All Judicial Psychiatric Hospitals (JPH) have closed down in Italy following years of debate on the appropriate assistance to mentally ill individuals who commit crimes.

Until Tuesday six JPHs still existed in Italy, home to about 700 patients. In 2012 a new law was adopted by parliament ruling that JPHs had to close down and inmates to be transferred to health-care structures.

Based on the new law, the execution of security measures falls onto the shoulders of mental health departments at the regional level.

"This day is a leap forward in the civil history of Italy," Health Undersecretary Vito De Filippo told Xinhua. "For centuries it had been known that offenders suffering from psychiatric diseases must not be put in jail, but they paradoxically ended to be interned in prison-like institutions for periods exceeding those of a verdict," he explained.

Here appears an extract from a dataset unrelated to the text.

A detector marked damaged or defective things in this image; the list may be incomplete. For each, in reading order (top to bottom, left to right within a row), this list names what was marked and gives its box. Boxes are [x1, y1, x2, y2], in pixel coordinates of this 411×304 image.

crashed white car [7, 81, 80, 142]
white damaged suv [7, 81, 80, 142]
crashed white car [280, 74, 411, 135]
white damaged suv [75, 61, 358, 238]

"Today it is finally clear that these people have to be put into the hands of structures with a medical nature," De Filippo stressed.

He told Xinhua that the Italian State has allocated a total of 173 million euros (over 185 million U.S. dollars) to finance the closure of JPHs and the construction of new health-care structures and related social services and training activities at regional level.

Each of the 20 regions of Italy is set to be home of one or two new health structures. More than 10 regions are ready, while another six will open the new structures in the coming months, De Filippo noted.

In these structures, which will host a total of 500-600 patients while a group of not-socially-dangerous ones will be assisted through community services, particular emphasis will be put on the treatment and rehabilitation outside a prison-like environment, Patrizio Gonnella, President of Antigone, a non-governmental organization (NGO) dealing with human right protection in the penitentiary system, told Xinhua.

In fact, Gonnella pointed out, only 10-15 percent of Italian JPHs inmates have committed serious criminal offense against other people. The others are perpetrators of everyday crimes.

"Italy is the country of the Basaglia Law," he said referring to a wide reform of the psychiatric system in Italy promoted in 1978 by psychiatrist Franco Basaglia which led to closing down of all psychiatric hospitals and their gradual replacement with community-based services.

The Basaglia Law had worldwide impact as other countries took up the Italian model. "And after the end of the State psychiatric hospital system, now it is time to close down JPHs," Gonnella stressed.

"Indeed, a prison-like environment is the worst therapy that could be used to treat mentally ill individuals," a psychiatrist and Director of Castiglione delle Stiviere JPH in northern Italy, Andrea Pinotti, said.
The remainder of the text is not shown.